Simi x Falz 'Mind Your Bizness'
Both Simi and Falz formed a proven musical partnership on their 2016 joint EP, Chemistry, whose stand out song "Foreign" equally mocks and celebrates the theatricality in class pretensions. Taken from her new album, Omo Charlie Champagne Vol 1, "Mind Your Bizness" is a clever piece of songwriting which reworks "Shake Bodi," the 1999 hit song by Trybesmen which itself, and at the time, was a reworking of Fela's afrobeat. Simi's own version is rebuff to rumours about her personal affairs and that of others.

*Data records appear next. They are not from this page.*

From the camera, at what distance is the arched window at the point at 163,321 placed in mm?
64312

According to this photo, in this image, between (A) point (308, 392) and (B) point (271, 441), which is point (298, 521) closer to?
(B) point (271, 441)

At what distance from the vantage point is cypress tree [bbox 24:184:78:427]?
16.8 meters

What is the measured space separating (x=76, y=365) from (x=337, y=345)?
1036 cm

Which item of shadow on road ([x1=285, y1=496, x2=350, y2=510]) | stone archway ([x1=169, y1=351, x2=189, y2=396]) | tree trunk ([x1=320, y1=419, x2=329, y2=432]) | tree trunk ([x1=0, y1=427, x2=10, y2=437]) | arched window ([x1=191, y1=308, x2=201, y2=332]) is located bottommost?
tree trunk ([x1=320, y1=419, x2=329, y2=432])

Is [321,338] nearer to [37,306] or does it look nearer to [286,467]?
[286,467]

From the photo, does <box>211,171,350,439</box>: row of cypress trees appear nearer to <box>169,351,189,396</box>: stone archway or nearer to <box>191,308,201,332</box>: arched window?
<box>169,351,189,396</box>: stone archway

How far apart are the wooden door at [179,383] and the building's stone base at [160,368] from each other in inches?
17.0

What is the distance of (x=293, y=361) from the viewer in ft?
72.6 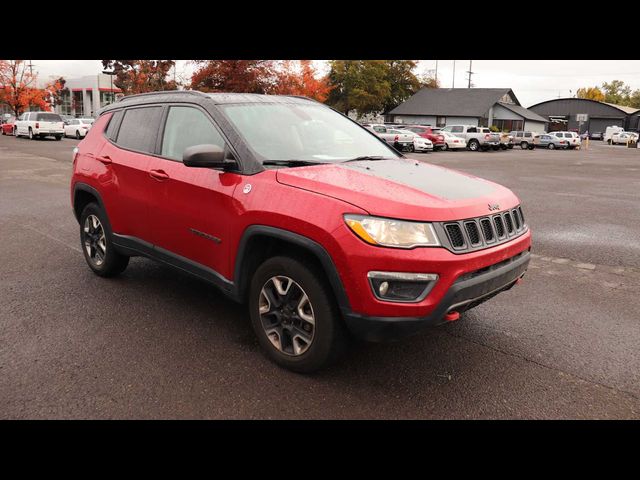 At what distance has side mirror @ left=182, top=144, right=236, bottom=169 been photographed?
11.8 ft

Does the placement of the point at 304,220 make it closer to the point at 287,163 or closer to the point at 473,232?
the point at 287,163

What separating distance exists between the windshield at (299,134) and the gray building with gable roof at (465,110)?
194 feet

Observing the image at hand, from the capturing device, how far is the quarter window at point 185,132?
4.12 meters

Moelogo "Grateful" & "Magic"
The themes of essentialism, self affirmation and self-actualization that are at the core of Moelogo's music-making and philosophy are best realised on "Magic" and "Grateful" taken from his satisfying second project, Magic, after the promise of 2016's Ireti. Over spare production that relies on plaintive and searching unceasing guitar, "Grateful" is a song of thanksgiving while in "Magic", the singer marvels in the extraordinary within the ordinary when he sings "nothing is promised / but you get one thing / Free will, that is your magic."
BOJ 'Awolowo'
A brilliantly conceived song which despite the allusion the bank notes that bare the image of Nigerian statesman, Chief Femi Awolowo is a more interesting assembly of the subset of Nigerian and Ghanaian pop, otherwise called "alte" who act as a counterbalance to the dominance and flash of top-layer pop.